Google’s Universal Analytics sunsets in 51 days & cookies are crumbling: how to prepare

By Mike Froggatt, Senior director analyst

May 12, 2023 | 9 min read

As part of The Drum’s latest Deep Dive, The New Data & Privacy Playbook, Gartner’s Mike Froggatt explains how marketers can prepare for the end of Google's Universal Analytics this summer.

Google Analytics open on person's laptop

/ Myriam Jessier

According to Gartner research, just over a quarter of all marketing budgets go toward paid media, with 56% of that spent on digital channels. Proving return on ad spend is already difficult for digital marketing leaders, and changes to cookies and walled gardens strengthening their own walls will make it even more challenging.

Third-party cookie data fueled two decades of digital media and data-driven performance advertising. It’s no wonder cookie deprecation and restrictions on third-party data are transforming the way marketers target, buy and measure digital media.

In addition to the immediate impacts of cookie loss, the increased regulatory pressures on walled gardens is creating an environment of more black box algorithms and fewer data points with which to measure and independently verify results. Of the three privacy scenarios proposed by my colleague Andrew Frank, we are quickly moving to a walled garden world. And the biggest among them, Google, is at the front of the pack.

Aside from the (continually delayed) deprecation of the cookie, Google has another fast-approaching deadline that will impact almost every marketer with a website: the sunsetting of Universal Analytics.

As my colleague Lizzy Foo Kune shared with The Drum last year, the migration to Google Analytics 4 (GA4) entails an urgent overhaul to long-standing marketing data collection, measurement baselines and operational approaches — and deeper ties to Google’s ad ecosystem. GA4 highlights the data usage and consent gaps between acquisition-oriented advertising and retention-and-growth marketing but provides bridging mechanisms such as lookalike modeling, retargeting, pathing and attribution.
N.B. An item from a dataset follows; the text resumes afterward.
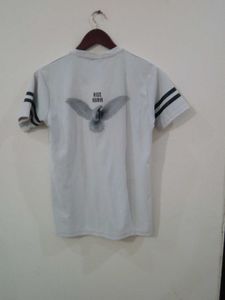 Only Brand Tshirt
Digital advertising is vital for the success of modern brands, for driving both top-of-funnel awareness and bottom-of-funnel consideration and sales. Key to their success is access to data about their prospects’ and customers’ online behavior, which helps marketers target and personalize their campaign efforts. Regulations on the collection and sharing of consumer data is prompting major data providers and adtech alike to change how their platforms collect, store and share this data with advertisers.

To maintain their digital media effectiveness, marketers need to build resilience and evaluate existing digital partners for cookie and walled garden alternatives.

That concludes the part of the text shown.